Thursday, April 14, 2011

Le choix


This morning started off like most mornings on a mission. I smacked my alarm clock into silence as I rolled off the bed into a morning prayer. As I prepared for the day a reoccurring thought entered into my mind about the choice I made to serve a full time mission. It seems like everything in life is either the result of or the precursor to a choice. Whether we run out of gas on the freeway because we chose not to fill up the tank or we didn't go to a party because we knew it wasn't a good scene, each has it's own consequence. As I continued to think about why I came on a mission and how it has effected my life I started to ponder on how it has effected the life of those around me. It never occurred to me how my service as a missionary would effect others or if it even would. I knew my family would miss me but as for my friends I just assumed that we would just pick up where we left off when I got back. Most of the time when we make a decision we don't fully contemplate the domino effect that our choice will have on others or the future generations.
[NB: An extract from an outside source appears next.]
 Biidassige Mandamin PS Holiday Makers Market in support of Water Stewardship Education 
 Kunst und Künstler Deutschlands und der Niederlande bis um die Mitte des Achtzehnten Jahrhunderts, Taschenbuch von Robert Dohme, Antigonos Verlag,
As I continued to think about choice I turned to the scriptures during my personal study and thought a lot about Lehi, the prophet from the Book of Mormon.  He chose to listen to the promptings of the Spirit, to leave all of his possessions, gather his family and flee into the wilderness just before the Babylonians came to destroy Jerusalem. Because of the choice he made to listen and leave generations were impacted and we now have the Book of Mormon: Another Testament of of Jesus Christ. In the Spring of 1820 a young man would make a choice that would change the face of the world forever. He couldn't understand why there were so many Christian churches if Christ had only established one, so he took his question to the most reliable source, God. He asked which church was right and which one he should join, at that moment he saw God the Father and Jesus Christ and would later become instrumental in restoring Christ's church back to the earth. Because of a question, because of a willingness to follow lives have been changed forever. Now, I don't necessarily think that lives for generations have been changed because I chose to serve a mission but I know that mine has. How has our decision's effected our future? How will it effect the generations?

Sunday, April 10, 2011

La vie

How do you stay strong in the face of adversity? Life is filled with difficult times. Things that we never thought would happen to us seem to invade our reality at an ever increasing rate. I always thought that while people served missions that they and their families would somehow be preserved, protected for that period of time, nothing could touch them. As I sit here in front of the computer I realize that no matter where we are in life we are in no way immune to the whiles of the Devil. I just received news that a friend from college passed away. Although her and I were never really close, she means a great deal to someone who has meant the world to me. Death of a loved one is never something that one can prepare for but one thing we can take comfort in is the knowledge that this life isn't the end, it's all so much bigger than this world.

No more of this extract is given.